God then commands Abraham, “Take your son, your only son Isaac, whom you love, and go to the land of Moriah, and offer him there as a burnt offering.” Of course, Isaac is not Abraham’s only son, Abraham has another son, Ishmael, whom he sent away with his mother, Hagar. The Jewish tradition offers an interesting take on these words: in Hebrew, the word order is “take your son, your only one, whom you love, Isaac.” The rabbis argued that there must be a reason God uses so many words, and so they imagine Abraham playing dumb: “take your son,” says God. “Which one?” replies Abraham. “Your only son,” says God. “Isaac is the only son of his mother, and Ishmael is the only son of his mother,” Abraham responds. “The one you love,” God says. “I love both my sons,” asserts Abraham, although he has sent one of his sons into the brutal desert. “Isaac,” God finally clarifies.

The text proceeds in grim and excruciating detail, describing Abraham’s preparations, his journey with his son and two servants, then the last leg with Isaac only. Isaac questions where the lamb is, and Abraham tells him “God will provide the lamb for a burnt offering, my son.” They arrive at the place that God has appointed, and Abraham builds an altar, lays the firewood, binds Isaac, places him on the altar, and raises the knife. At the final moment, an angel calls out to him to halt, declaring, “now I know that you fear God, since you have not withheld your son, your only son, from me.” Abraham looks up and sees a ram, which he sacrifices instead of Isaac.
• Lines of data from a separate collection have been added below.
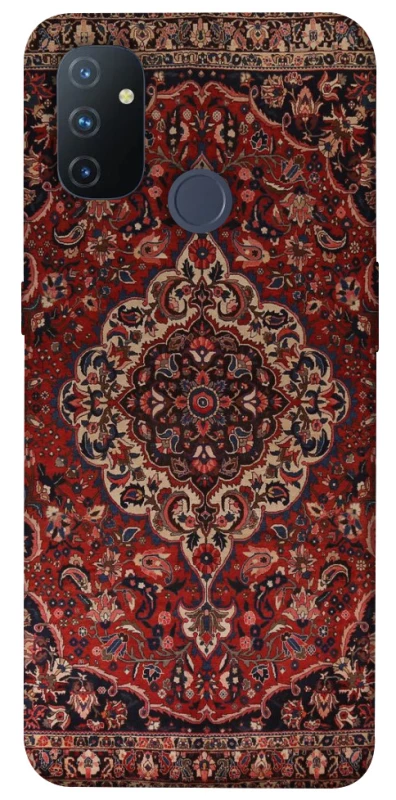 Чохол на OnePlus Nord N100 Килим v14 фото 1 з 1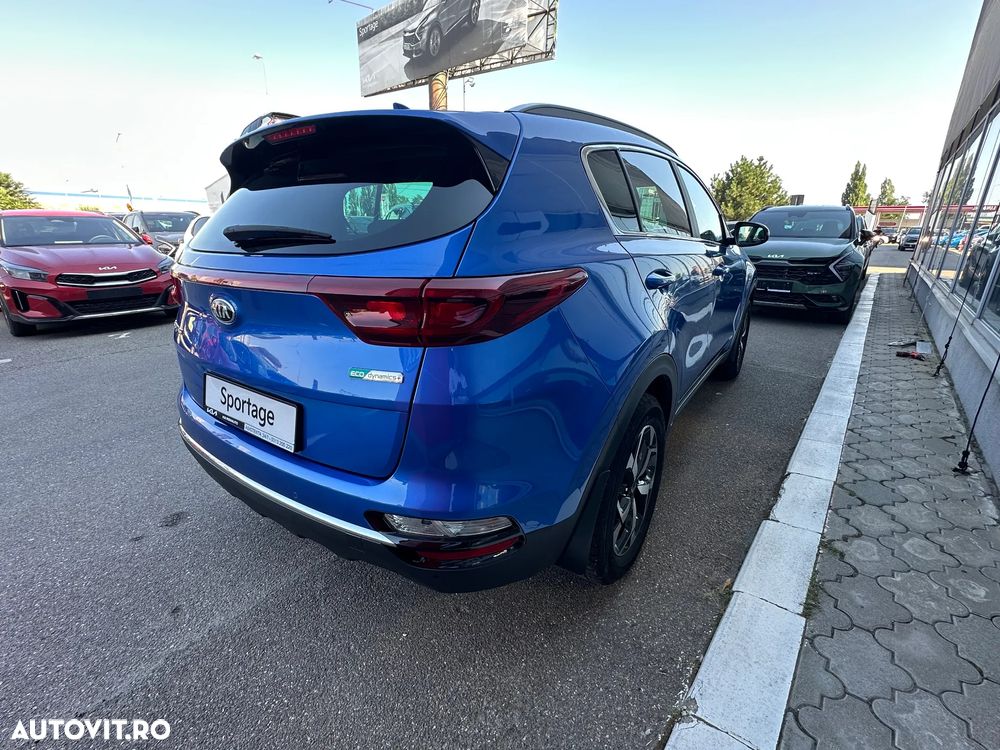 Kia Sportage 1.6 DSL 7DCT HP 4x4 Classic - 6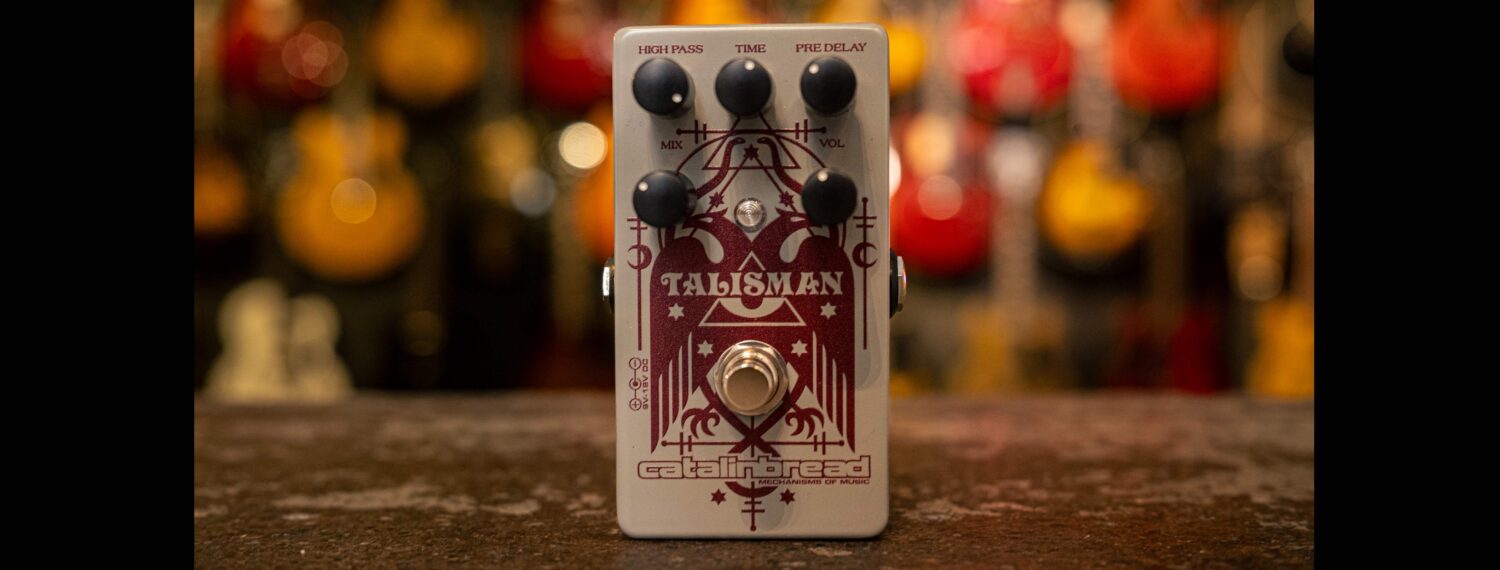 Catalinbread Talisman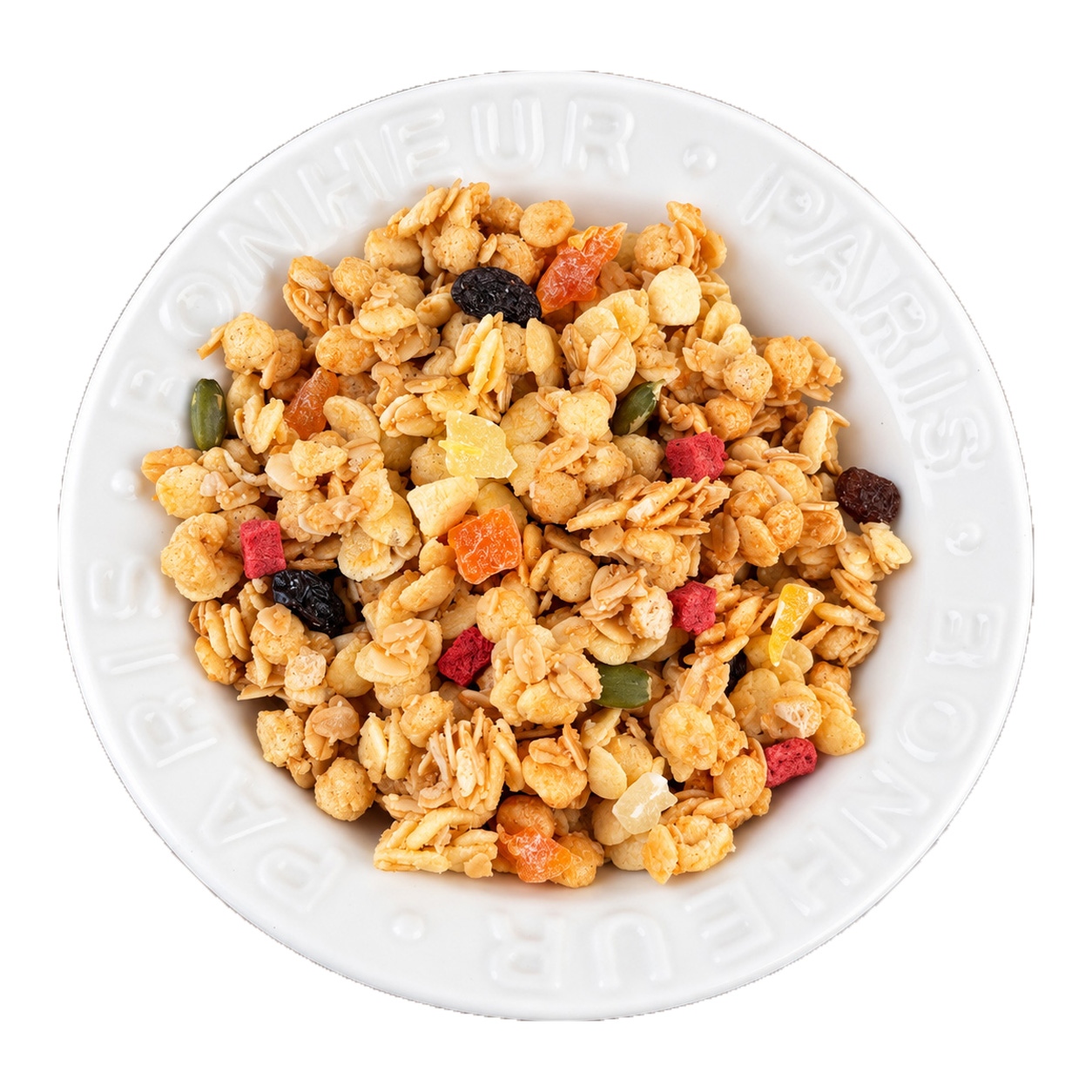 Fruit Oat Cereal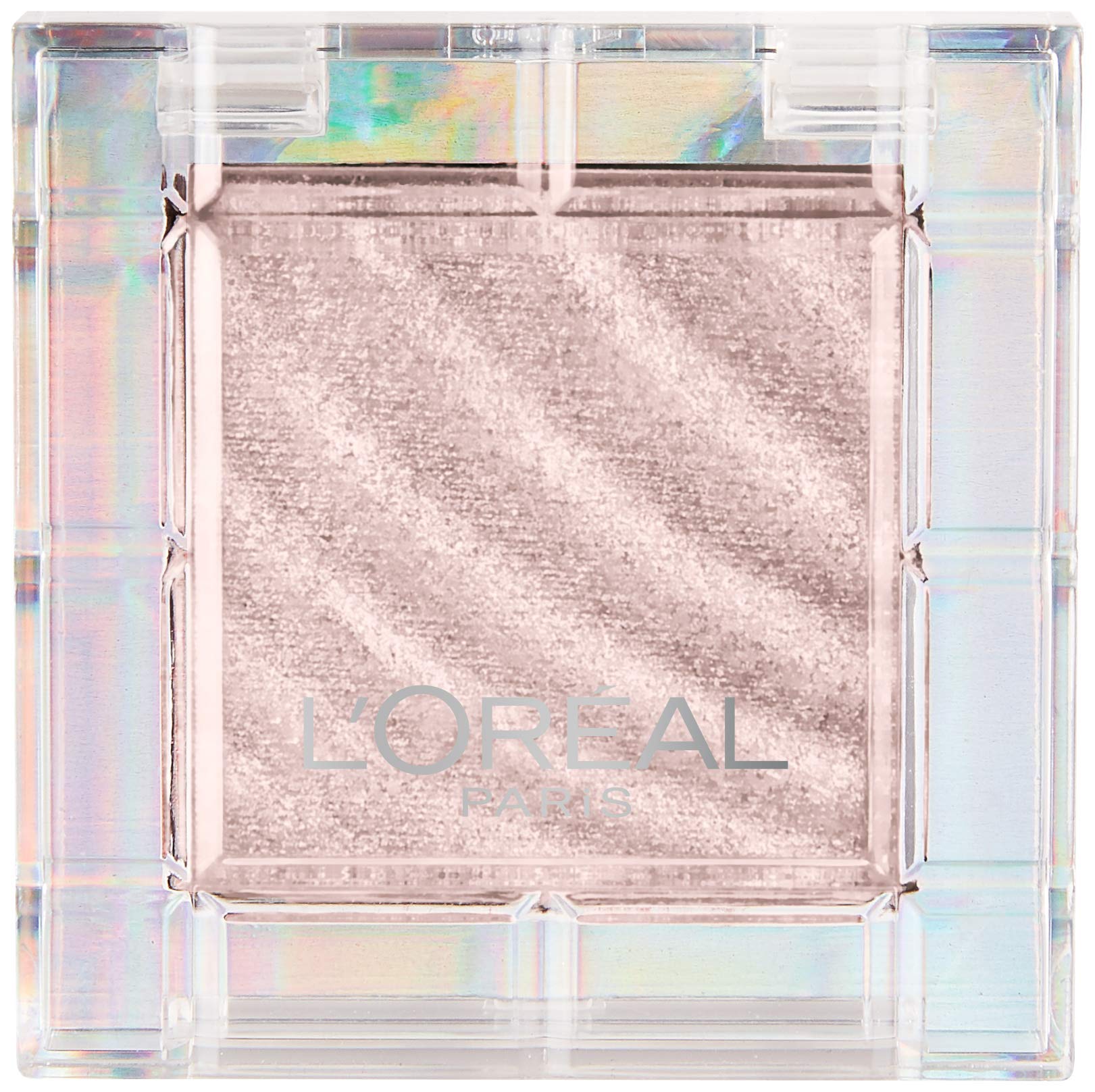 L'Oréal Paris Color Queen Oil Shadow 20 Queen, Long-Lasting Eyeshadow, Extremely Intense Colour, 3.8 g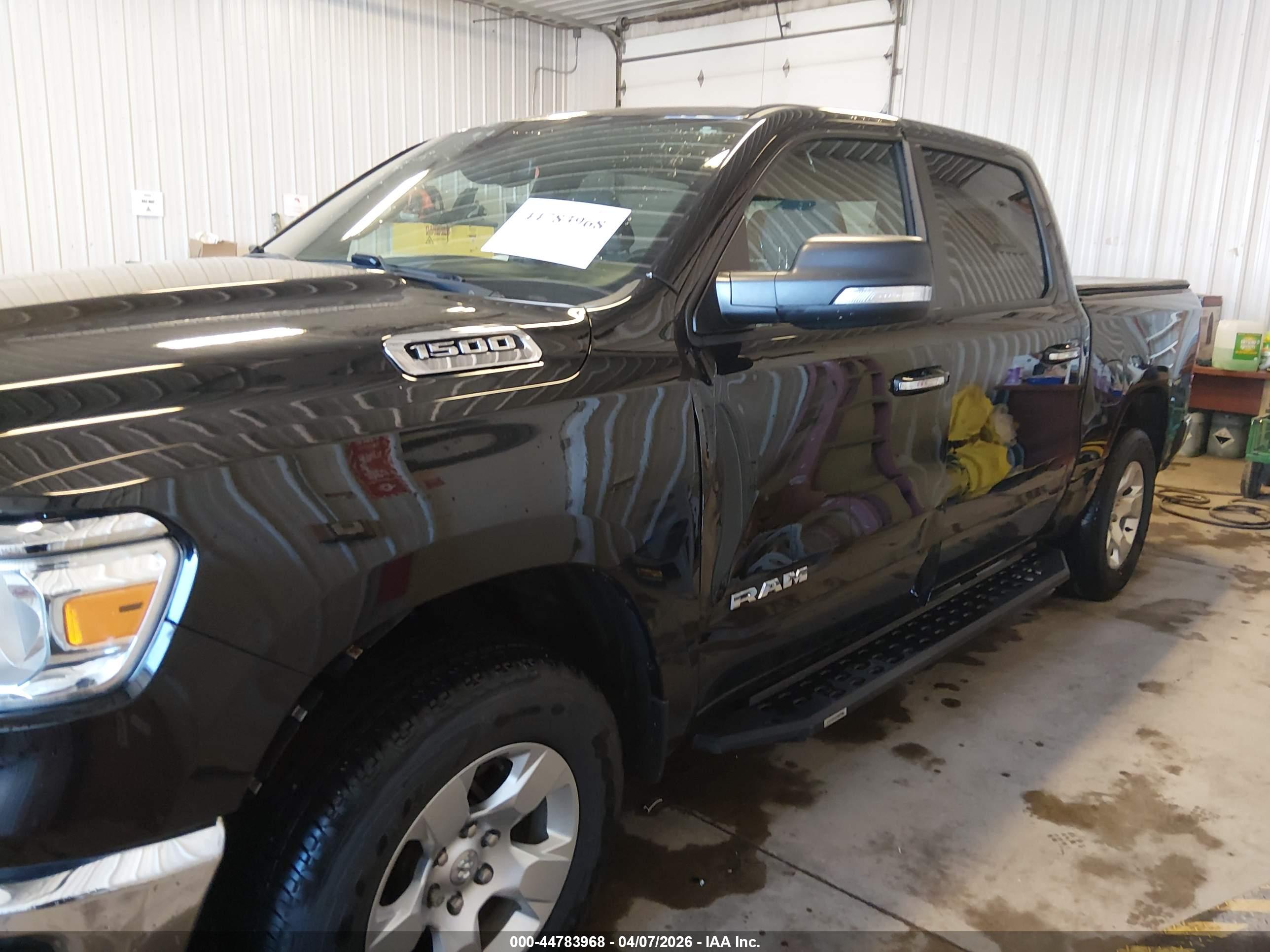 RAM 1500 image 6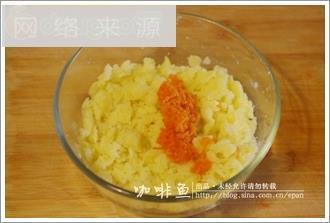 胡萝卜鸡汤土豆泥怎么做，胡萝卜鸡汤土豆泥怎么做好吃，胡萝卜鸡汤土豆泥做法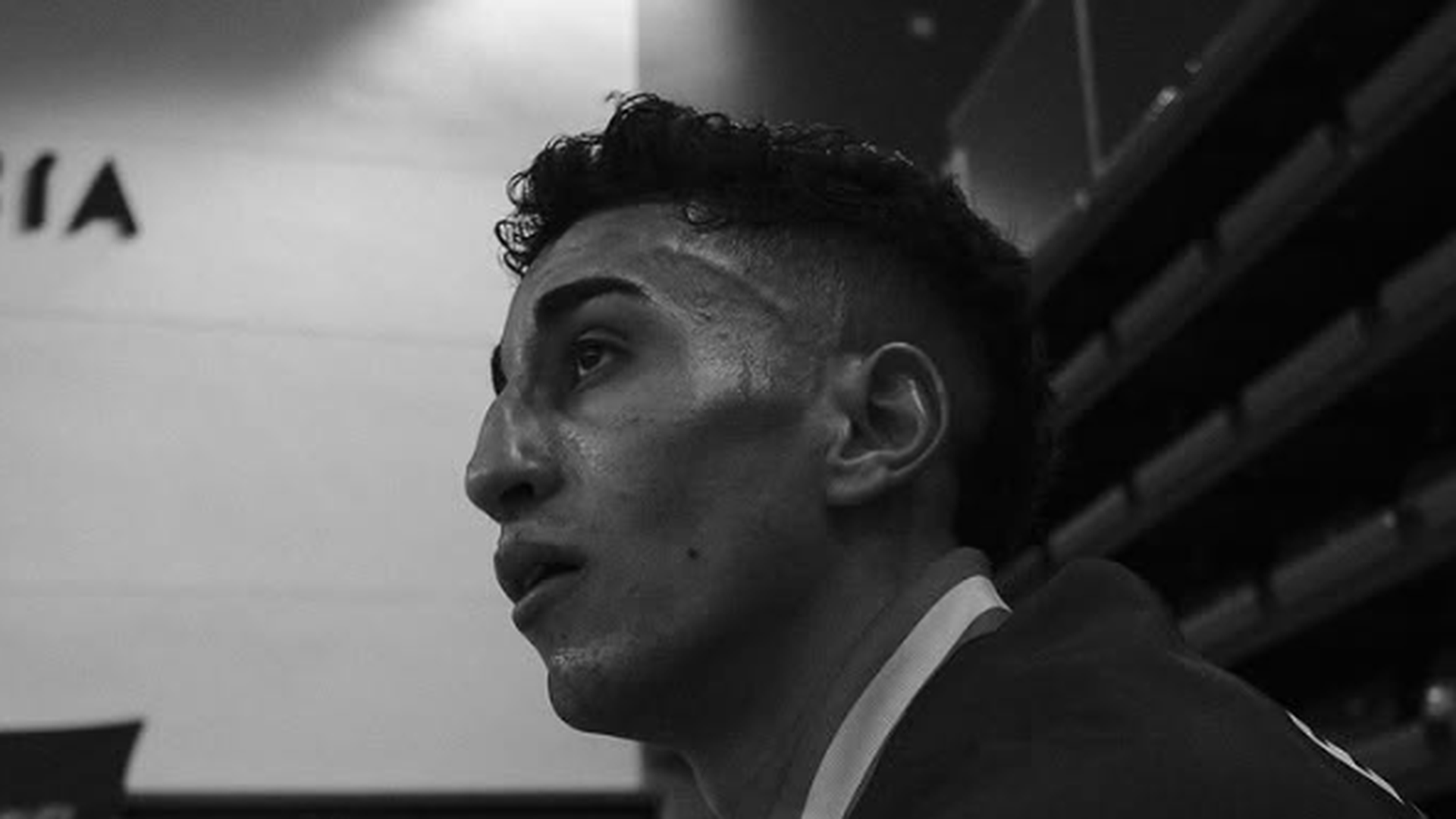 Yassine Talhaoui. Fuente @yassine_tae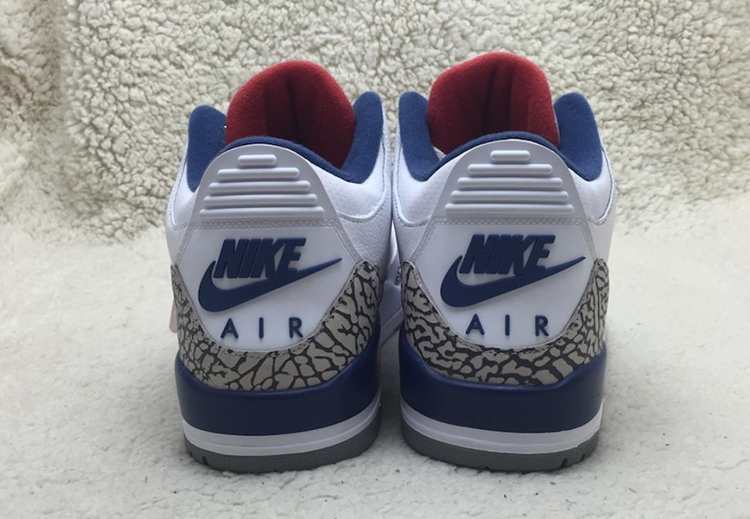 为何,如此,期待,Air,Jordan,Retro,“,Tr  为何如此期待？2016 Air Jordan 3 “True Blue” 细节近赏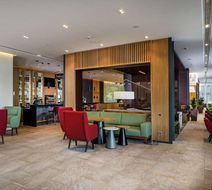 Hilton Garden Inn Novorossiysk Lobby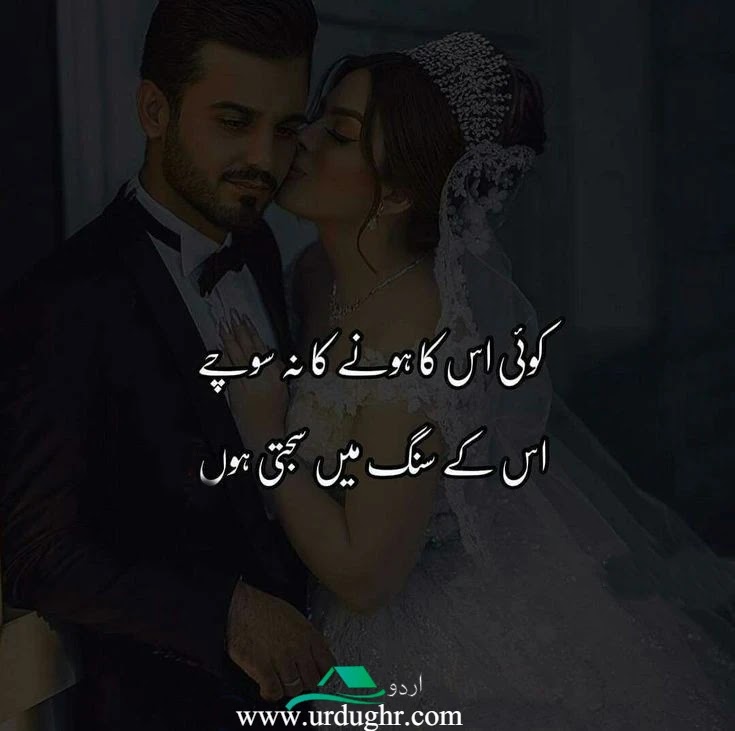 77 Best Love Quotes In Urdu | Romantic Love Quotes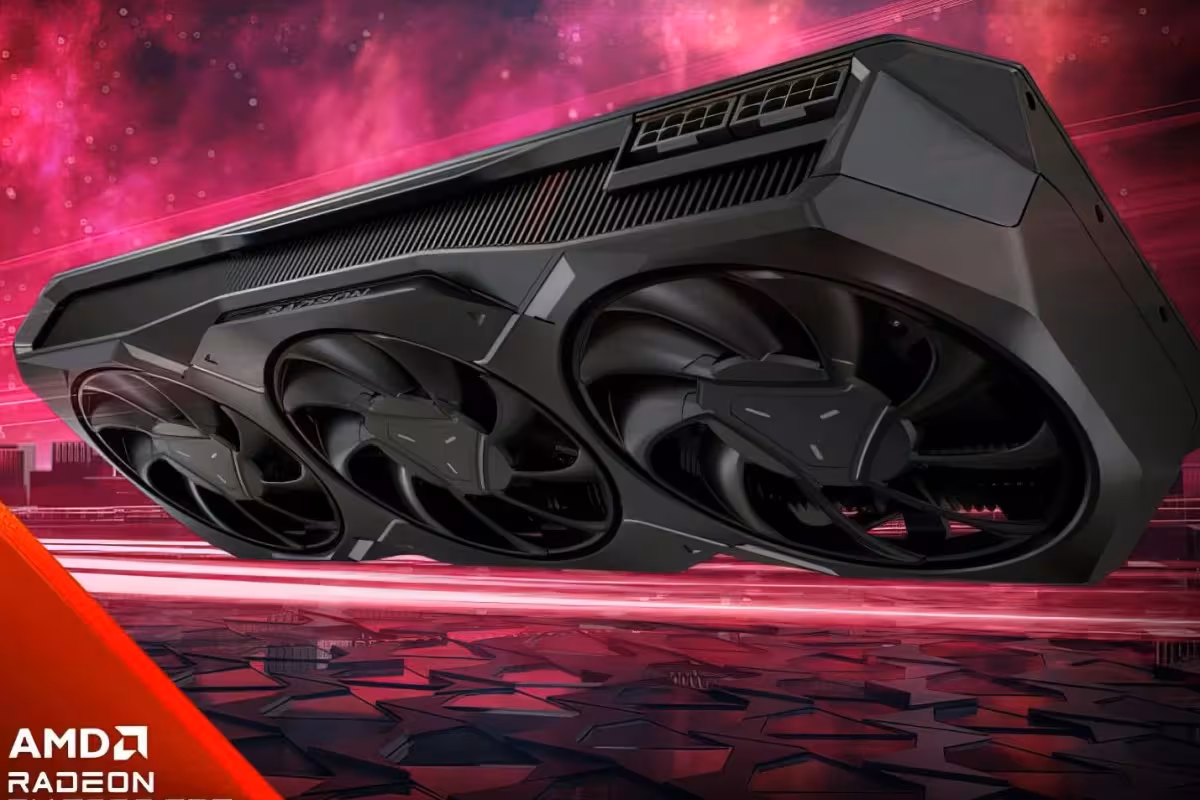 AMD представила Radeon RX 7900 GRE 3 AMD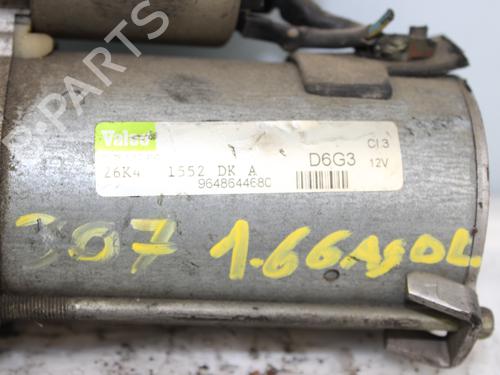 Starter PEUGEOT 307 (3A/C)  | BP18269163M8 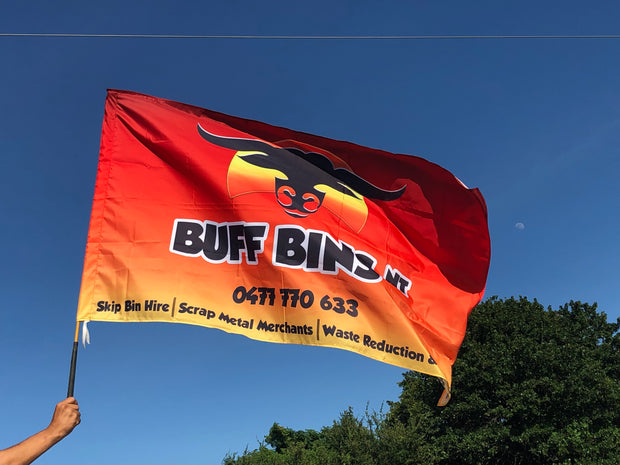 Flag | Regular Flag | 3' x 5'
What are we to make of this troubling story? Traditional interpretations tend to praise Abraham’s unswerving obedience to God’s command. Perhaps you have heard interpretive statements like these: Abraham follows the path God has set out, even though it is painful and horrible, and lo and behold, at the last moment, God intervenes and provides. We, the listeners, are urged to be like Abraham, following God’s will even when it is painful, difficult, or confusing. Here’s another one: Abraham is willing to risk everything for God, and is richly rewarded. We, the listeners, should be willing to give it all up for God. Christian interpreters have pointed out the resonances between this story and that of the crucifixion: the sacrifice of an only son; the “lamb of God” who is ultimately sacrificed.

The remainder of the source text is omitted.